▸ The task
In your copy, each line below is repeated exactly and no image appears.

▸ Working data
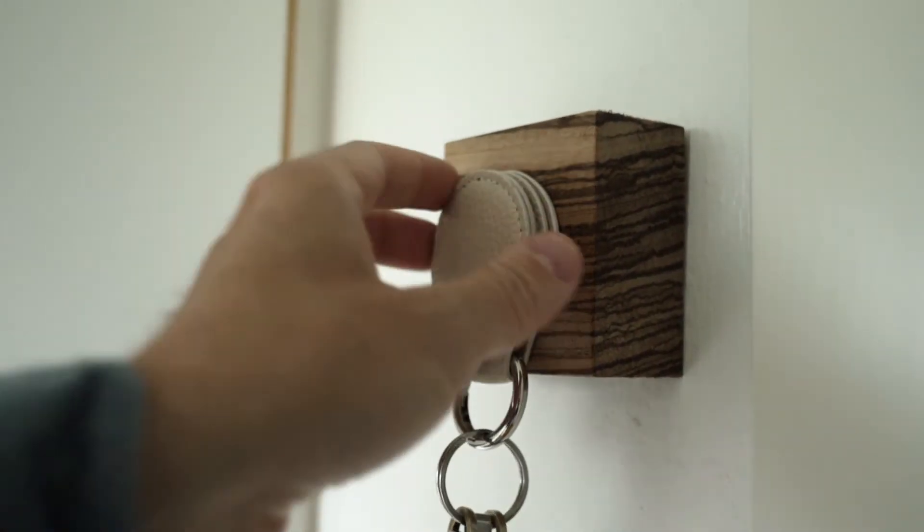People have questioned me: what if they lose one? And my answer is this — they don't come off so you're not going to lose one; they're stuck together by magnets.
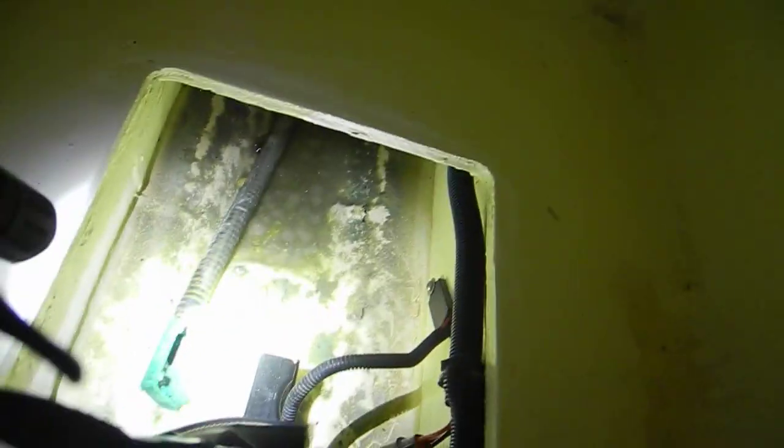You can see the salt crystals that have built up on the edges, so I'll try to get most of that out before I fill it with more water.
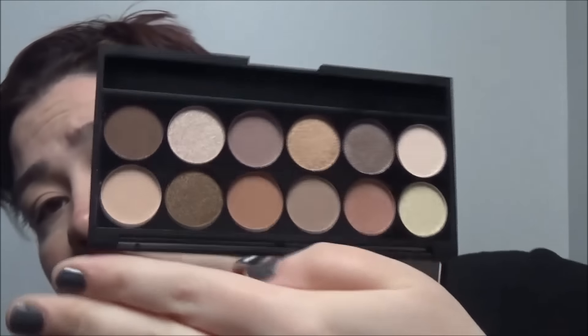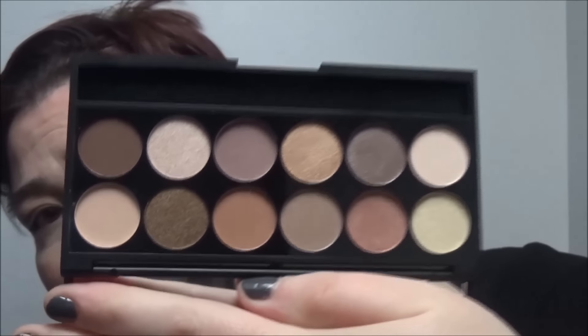I'm gonna be using the Sleek A New Day eyeshadow palette. It's really nice — I don't think I've used this yet and I got it a while back. It's quite pretty. So that is the palette I will be using. Just picking up some shade and dusting it over that concealer.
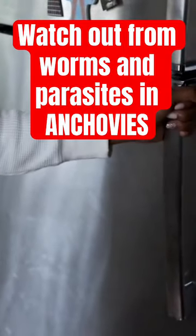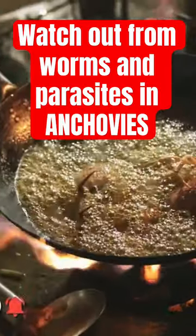To counteract this, anchovies should be frozen at minus 20 degrees Celsius for 72 hours, or cooked at 60 degrees Celsius for 10 minutes.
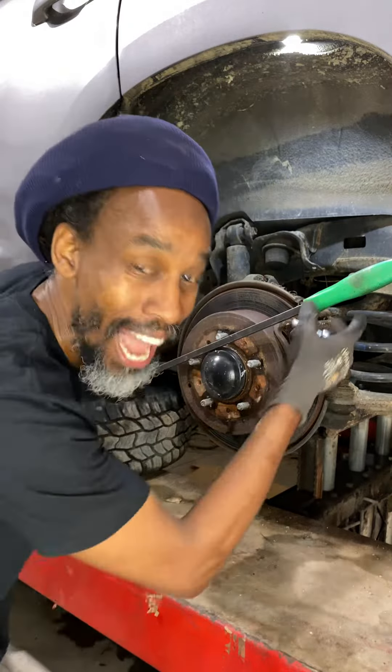But if I open the bleeder nipple and it's still tight like that, the caliper is stuck.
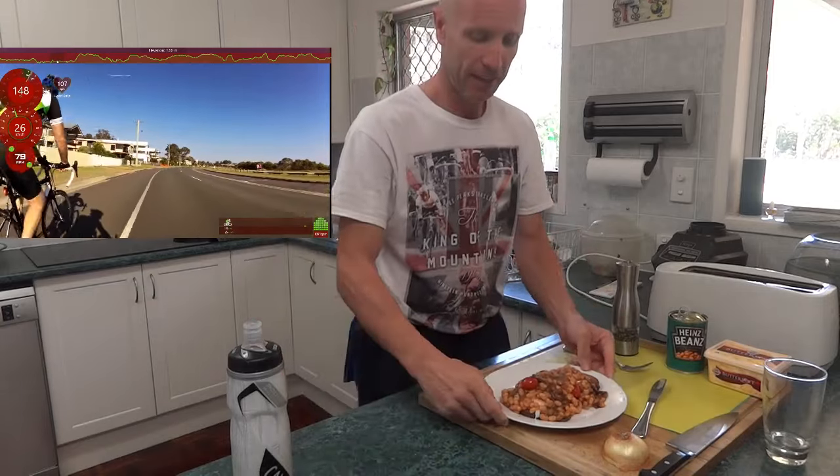Now that is what you call a nice healthy recovery breakfast after a nice recovery ride. Hope you enjoyed it — any questions or comments, post them down below. Have a look at that!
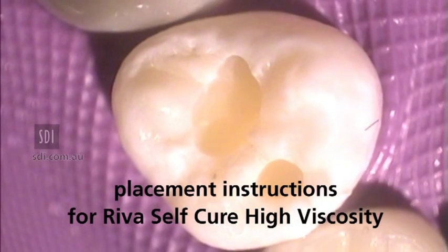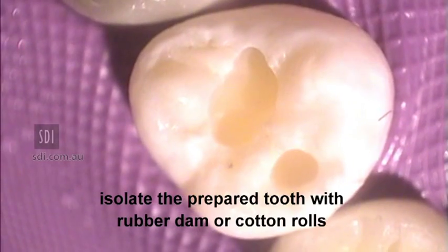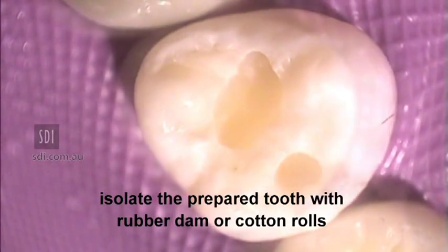Placement instructions for Reva SC-HV. Isolate the prepared tooth with rubber dam or cotton rolls.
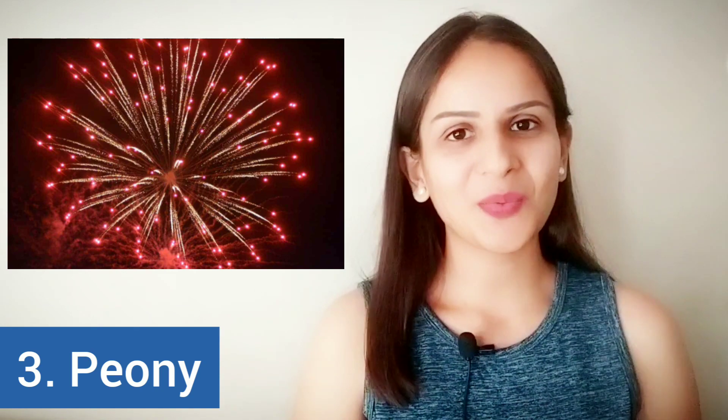The next one has been named after a famous flower. Do you know the name of this flower? If you do, you can pause this video and let me know in the comments below. This one is called a chrysanthemum and has been named after the flower called chrysanthemum.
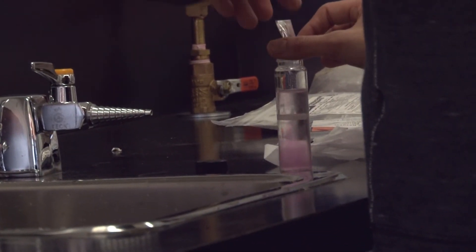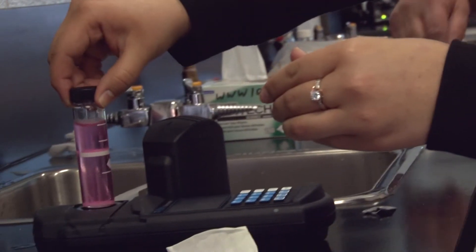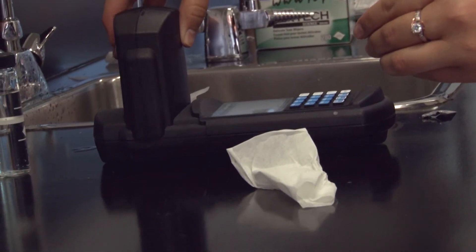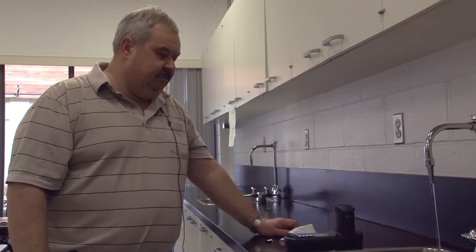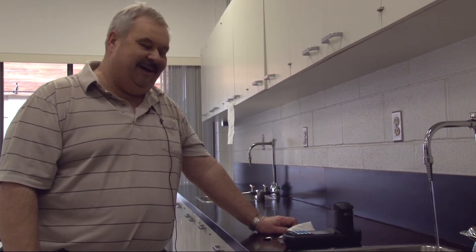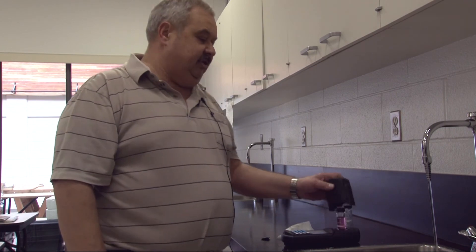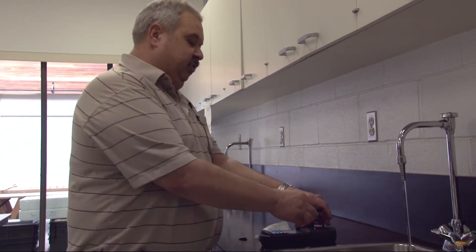If there's chlorine present, you will see a color change. You have one minute to do this test — insert it back in the machine and press read. The reading is 0.98 milligrams per liter, which is the amount of chlorine in the system and is usually acceptable for most systems.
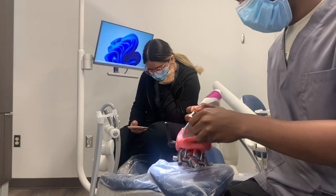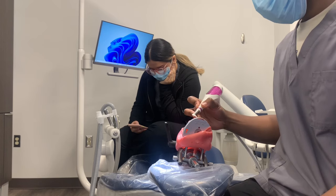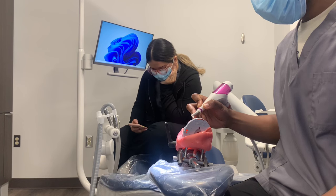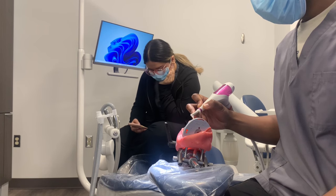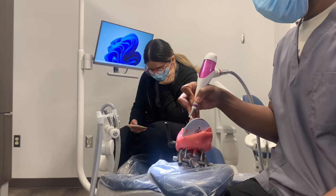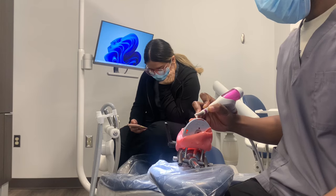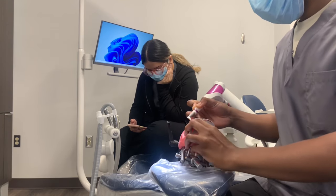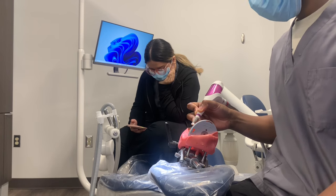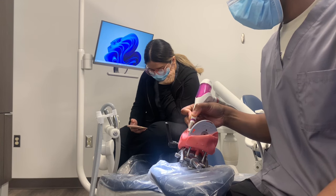So here we are — we are practicing our air polishing. Air polishing uses this instrument, basically like a little gun, and it has powder and water that mix together. You press the rheostat button, which activates the powder and the water, and it will penetrate your pockets — your deep pockets — and remove plaque and biofilm from the surfaces of your teeth. This is a really good tool for people who have deep pockets, and it's great to use to remove plaque and biofilm even before you start scaling.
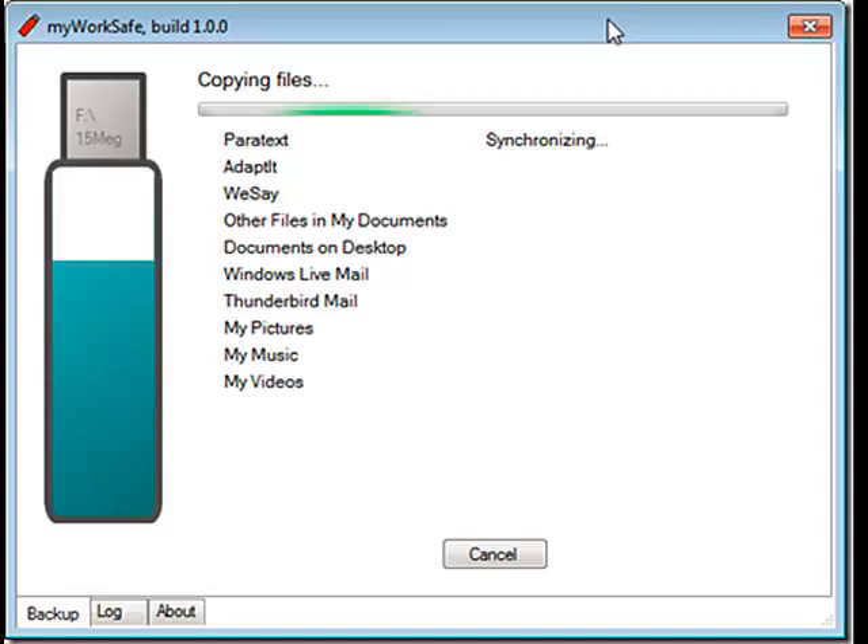Backup is smart because My WorkSafe already knows how to find your Paratext, Adaptit, WeSay, Fieldworks, and Bloom files. It's smart because it knows not to bother backing up all those game installers the kid stuck in My Documents. It knows the rice farmer may have important documents laying on his desktop, too. And critically, it's opinionated. There's only so much space on a USB flash drive, and rice farmers load up their machines with videos, music, photographs, and games — all of which would quickly fill up the USB drive and not leave any room for backing up work.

▸ Reply to the task
People have questioned me: what if they lose one? And my answer is this — they don't come off so you're not going to lose one; they're stuck together by magnets.
You can see the salt crystals that have built up on the edges, so I'll try to get most of that out before I fill it with more water.
I'm gonna be using the Sleek A New Day eyeshadow palette. It's really nice — I don't think I've used this yet and I got it a while back. It's quite pretty. So that is the palette I will be using. Just picking up some shade and dusting it over that concealer.
To counteract this, anchovies should be frozen at minus 20 degrees Celsius for 72 hours, or cooked at 60 degrees Celsius for 10 minutes.
But if I open the bleeder nipple and it's still tight like that, the caliper is stuck.
Now that is what you call a nice healthy recovery breakfast after a nice recovery ride. Hope you enjoyed it — any questions or comments, post them down below. Have a look at that!
Placement instructions for Reva SC-HV. Isolate the prepared tooth with rubber dam or cotton rolls.
The next one has been named after a famous flower. Do you know the name of this flower? If you do, you can pause this video and let me know in the comments below. This one is called a chrysanthemum and has been named after the flower called chrysanthemum.
If there's chlorine present, you will see a color change. You have one minute to do this test — insert it back in the machine and press read. The reading is 0.98 milligrams per liter, which is the amount of chlorine in the system and is usually acceptable for most systems.
So here we are — we are practicing our air polishing. Air polishing uses this instrument, basically like a little gun, and it has powder and water that mix together. You press the rheostat button, which activates the powder and the water, and it will penetrate your pockets — your deep pockets — and remove plaque and biofilm from the surfaces of your teeth. This is a really good tool for people who have deep pockets, and it's great to use to remove plaque and biofilm even before you start scaling.
Backup is smart because My WorkSafe already knows how to find your Paratext, Adaptit, WeSay, Fieldworks, and Bloom files. It's smart because it knows not to bother backing up all those game installers the kid stuck in My Documents. It knows the rice farmer may have important documents laying on his desktop, too. And critically, it's opinionated. There's only so much space on a USB flash drive, and rice farmers load up their machines with videos, music, photographs, and games — all of which would quickly fill up the USB drive and not leave any room for backing up work.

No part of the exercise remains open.